Make sure that swish-e is in the PATH, so the apps will be able to
find it

=back

=head1 Indexing

Normally build the site:

  % bin/build -f (-d to build pdfs)

which among other things creates the dir: I<dst_html/search>

Now run:

  % bin/makeindex

This script is already adapted for the production machine of
perl.apache.org. 

If you are doing it elsewhere you need to set an
environment variable to the path of the site:

    export MODPERL_SITE='http://perl.apache.org'

or

    export MODPERL_SITE='http://localhost:4000/dst_html'

tcsh:

   setenv MODPERL_SITE http://perl.apache.org

This is used as the base for spidering, plus is used to determine the
sections of the site (for limiting the site to those sections, see
below)
    
Now you can manually spider the site if you didn't use the script
already.  Index the site

  % cd dst_html/search
  % swish-e -S prog -c swish.conf

You should see something like:

  Indexing Data Source: "External-Program"
  Indexing "./spider.pl"
  ./spider.pl: Reading parameters from 'default'
  
  Summary for: http://localhost/modperl-site/
      Duplicates:     5,357  (281.9/sec)
  Off-site links:     1,851  (97.4/sec)
     Total Bytes: 8,107,112  (426690.1/sec)
      Total Docs:       351  (18.5/sec)
     Unique URLs:       419  (22.1/sec)
  Removing very common words...
  no words removed.
  Writing main index...
  Sorting words ...
  Sorting 10599 words alphabetically
  Writing header ...
  Writing index entries ...
    Writing word text: Complete
    Writing word hash: Complete
    Writing word data: Complete
  10599 unique words indexed.
  5 properties sorted.                                              
  351 files indexed.  8107112 total bytes.  307356 total words.
  Elapsed time: 00:00:20 CPU time: 00:00:02
  Indexing done!

Now you can search...

=head1 Searching

=over 

=item 1

Go to the search page: ..../search/search.html

=item 2

Search

If something doesn't work check the I<error_log> file on the server
the I<swish.cgi> is running on.
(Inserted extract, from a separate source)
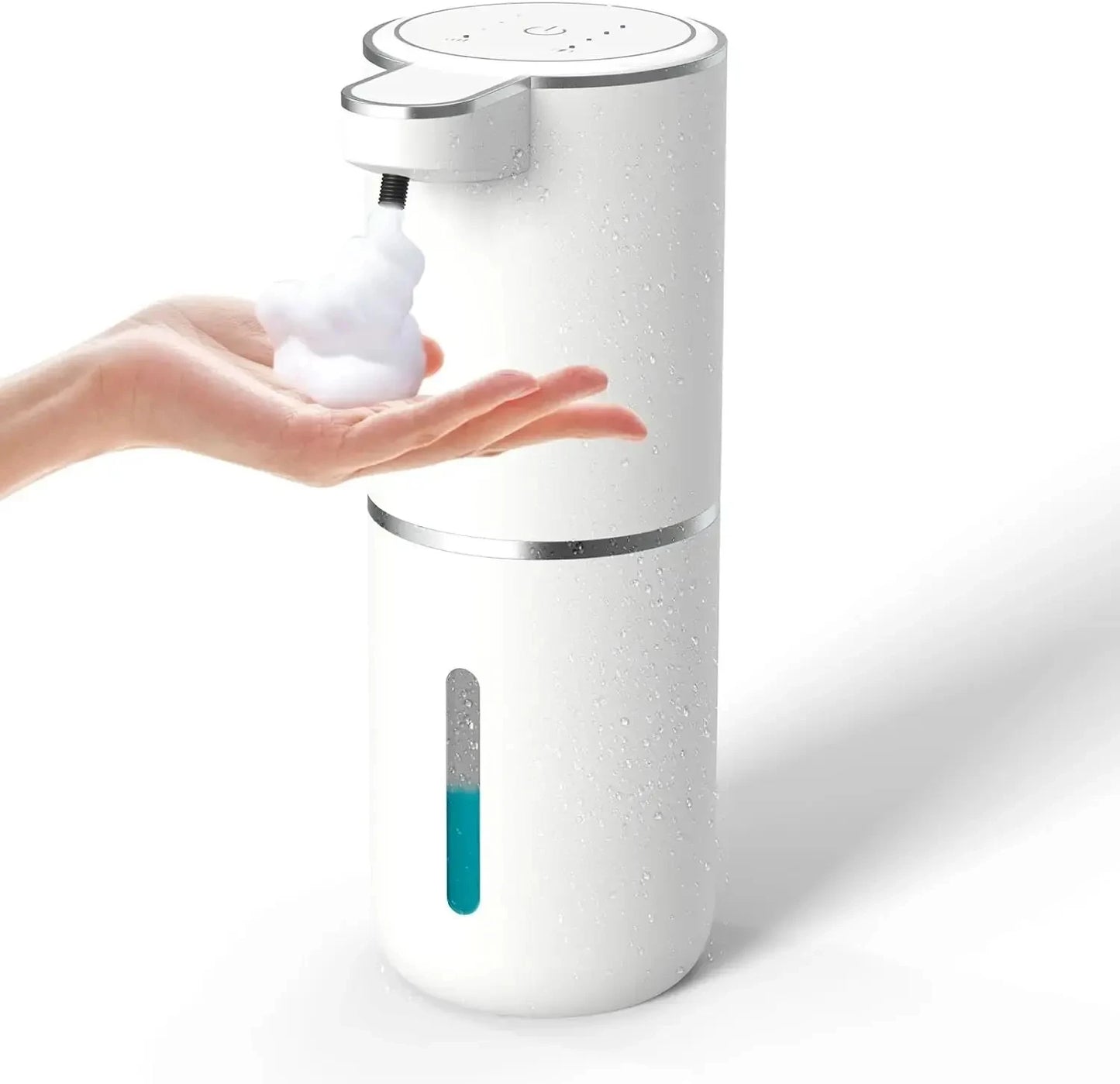 CleanTouch Pro™ – 4-Level Adjustable Foaming Soap Dispenser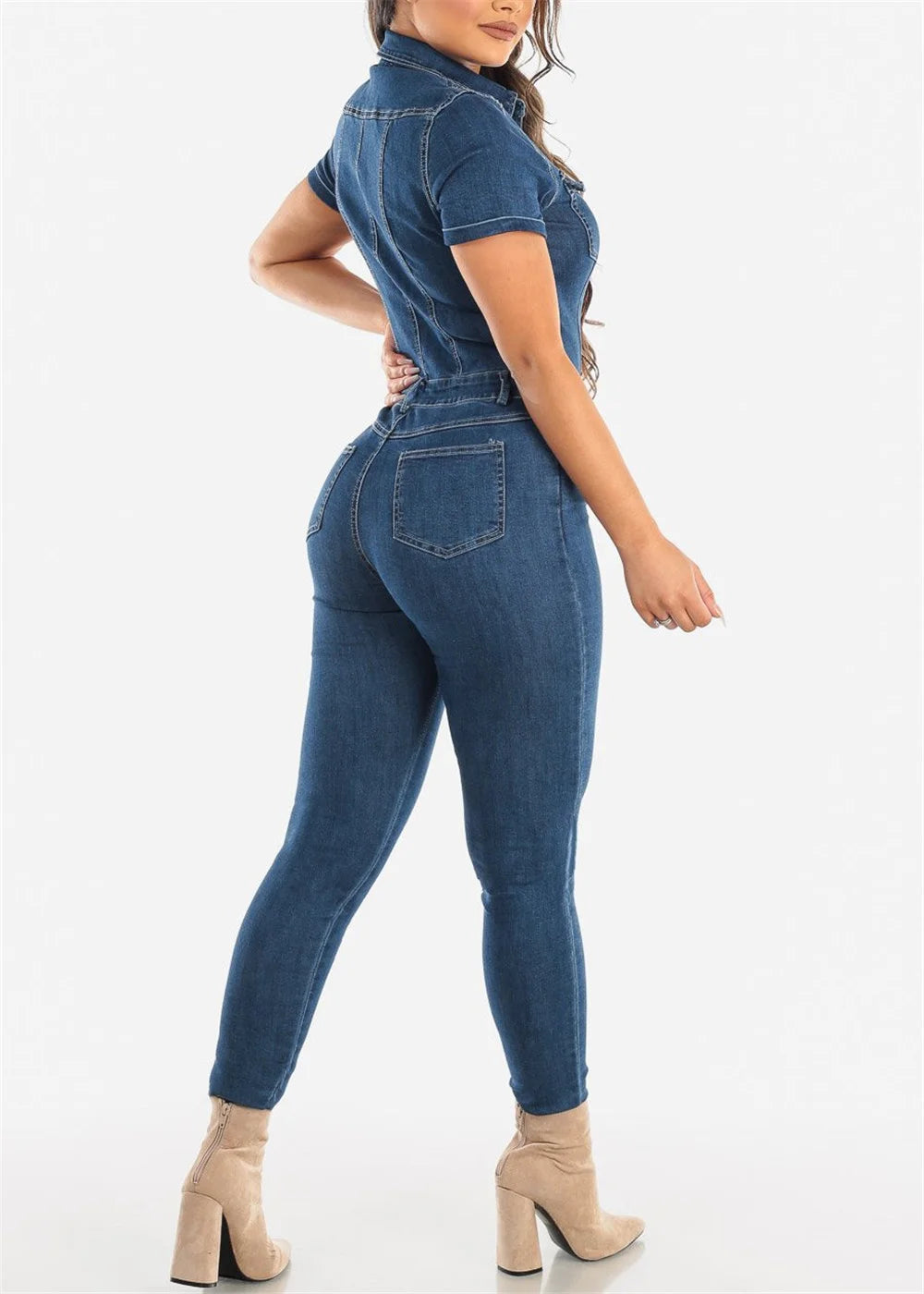 Denim Jumpsuits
The most common error is that the
swish-e binary cannot be found by the I<swish.cgi> script. Remember
that CGI may be running under a different username and therefore may
not have the same PATH env variable.

=back

=head1 Swish-e related adjustments to the templates

=item *

Since we want to index only the real content, we use:

  <!-- Swishcommand index -->,
       only content here will indexed
  <!-- Swishcommand noindex -->,

=item *

Since we want to be able to search any sub-section of the site, the
search form includes the hidden variable C<sbm> (mnemonics: 'search by
meta'). For example:

  <input type="checkbox" name="sbm" value="docs/1.0/guide">

will search all the documents under I<docs/1.0/guide> directory.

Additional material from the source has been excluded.